People are coming into the Glory Hall, downtown Juneau’s homeless shelter and soup kitchen. It’s lunchtime, and there’s a short line for rice and chow mein.
Rodney Jackson says he’s been homeless for the last 15 years. When it was cold outside, he says he’d gather things to cover up and find sheltered areas to stay warm and out of the wind.
Jackson says it’s hard to sleep when it’s cold. He would sometimes drink heavily so he could fall asleep.
“I wonder what kept me alive,” Jackson says. “It’s scary. Sometimes I cried myself to sleep.”
Another lunch visitor, Jerry, talks about the unique challenges of sleeping outside in Juneau.

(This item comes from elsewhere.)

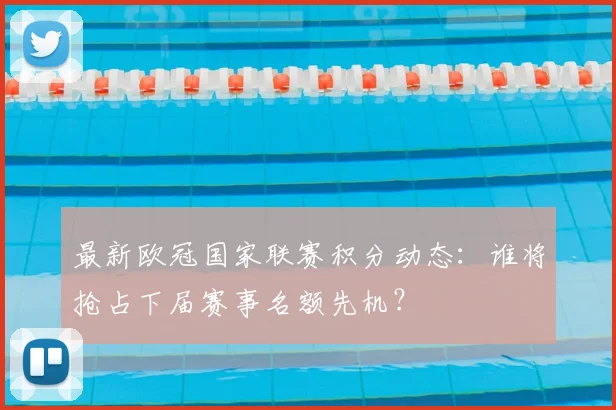 最新欧冠国家联赛积分动态：谁将抢占下届赛事名额先机？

“The wind blew our sleeping bag across the street. All the way across the street!” remembers Jerry, who only provided his first name. “My girlfriend got mad at me. She said, ‘Quit hogging the blankets!’ I said, ‘Our blankets are across the street!’”
Jerry laughs about it. But Brad Perkins from the St. Vincent de Paul Society of Juneau said it can be tough for those living on the street, especially during extreme winter conditions.
“It leads to a form of PTSD,” Perkins said. “Already, all of our clients have challenges in life, and being homeless is a huge challenge. But when the weather gets like this, it adds an extra burden on them. It makes doing the simple things even almost impossible.”
Perkins said he hears how members of the homeless community are unfairly criticized for not getting a job or doing something to change their life, when simply surviving on any given night may be their priority.
“It’s hard to imagine how tough it is to handle all of that,” Perkins said.
Jackson and Jerry can’t stay overnight at the Glory Hall right now. Only three dozen people can stay there, and only for 30 days at a time. They’ll have to go to the emergency warming shelter operated by St. Vincent de Paul in the Mendenhall Valley, between the airport and the Nugget Mall.
“The Glory Hall is a nicer place to stay,” Perkins said. “And if you can stay there, you should go stay there. But we’re the last resort and low barrier, and we’ll take anybody.”
The St. Vincent de Paul shelter started with cots for 28 people. But 44 slept there — the most ever — on Jan. 6, just as temperatures started diving.
“That’s a lot of people,” Perkins said. “We had some people sleeping sitting up and things like that.”
Perkins said they’re knocking down some walls at St. Vincent de Paul at so they can expand the shelter space and take in more people.
“We’re doing everything we can, because the weather’s pretty nasty outside,” Perkins said.
Perkins said a shuttle bus loops through town every evening to pick up residents. They also serve up a bedtime snack, and a volunteer cooks breakfast before everyone leaves at 7 a.m.
Jackson said the warming shelter’s cots may not be quite as comfortable as the Glory Hall’s bunk beds.
But, he said, “it sure beats sleeping outside in the cold.”
Jerry, who lost his sleeping bag to the wind, likes the warming shelter, although it might be a little noisy for light sleepers.
“Just issues with people snoring or talking in their sleep,” Jerry laughed. “Other than that, everything’s good. I like the staff out there. They’re fun.”
However, Jerry said it’s tough to wait until the 11 p.m. check-in time, especially if it gets real cold and windy in the afternoon and evening.
Cold air from Canada is responsible for this month’s cold snap and windy conditions in Juneau. Temperatures are expected to remain between 0-20 degrees at least through this weekend.